WORK ORDER —
The reply should hold nothing except the lines from the one with "Venda em Vila Leopoldina - São Paulo" through the end of the entries, duplicated exactly and with no pictures.

(Caption-style text data)
○ ○ ○ ○ ○ ○ ○

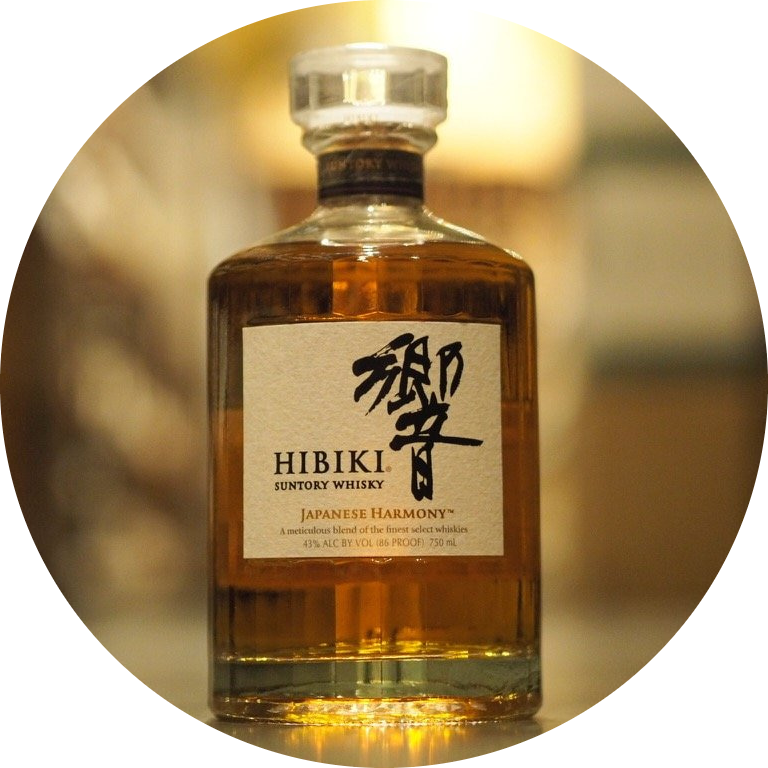 Hibiki_-Japanese_Harmony-_Blended_Whisky__Japan.jpg.png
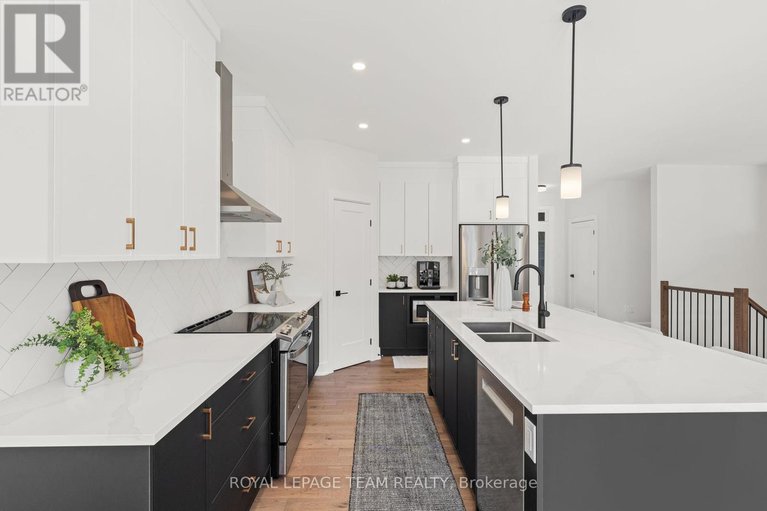 28967479/143-raymond-luhta-crescent/mcnabbraeside-twps/mcnabbraeside/ontario/K7S3G8_10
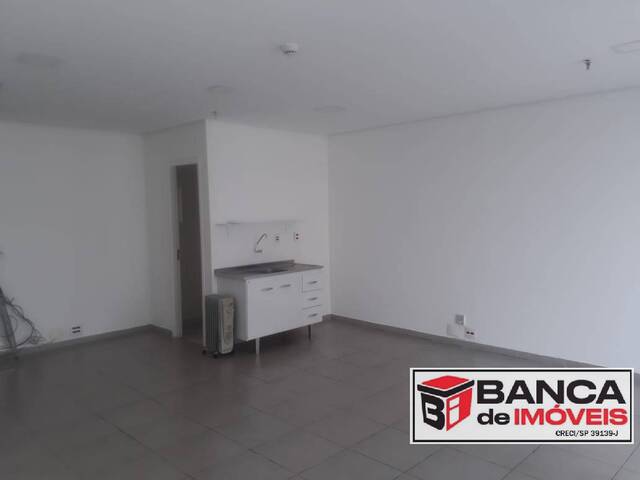Venda em Vila Leopoldina - São Paulo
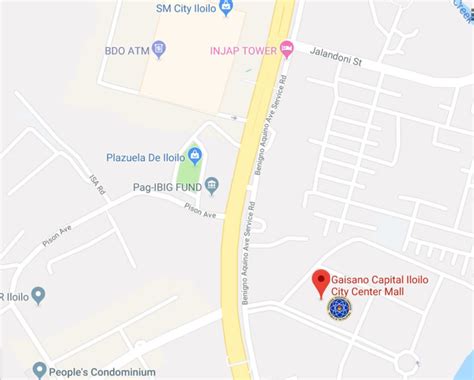 prc iloilo contact number.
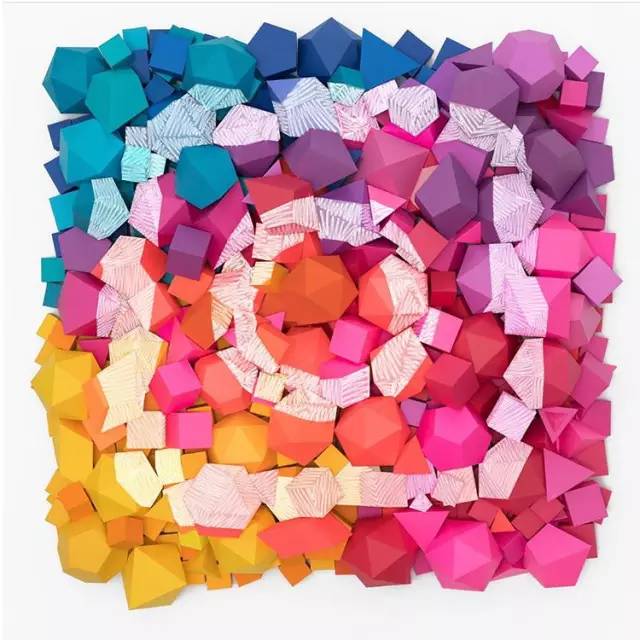 设计师重新诠释instagramlogo_instagram新logo负面评价_美拍logo图片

○ ○ ○ ○ ○ ○ ○

ANSWER BOX —
Venda em Vila Leopoldina - São Paulo
 prc iloilo contact number.
 设计师重新诠释instagramlogo_instagram新logo负面评价_美拍logo图片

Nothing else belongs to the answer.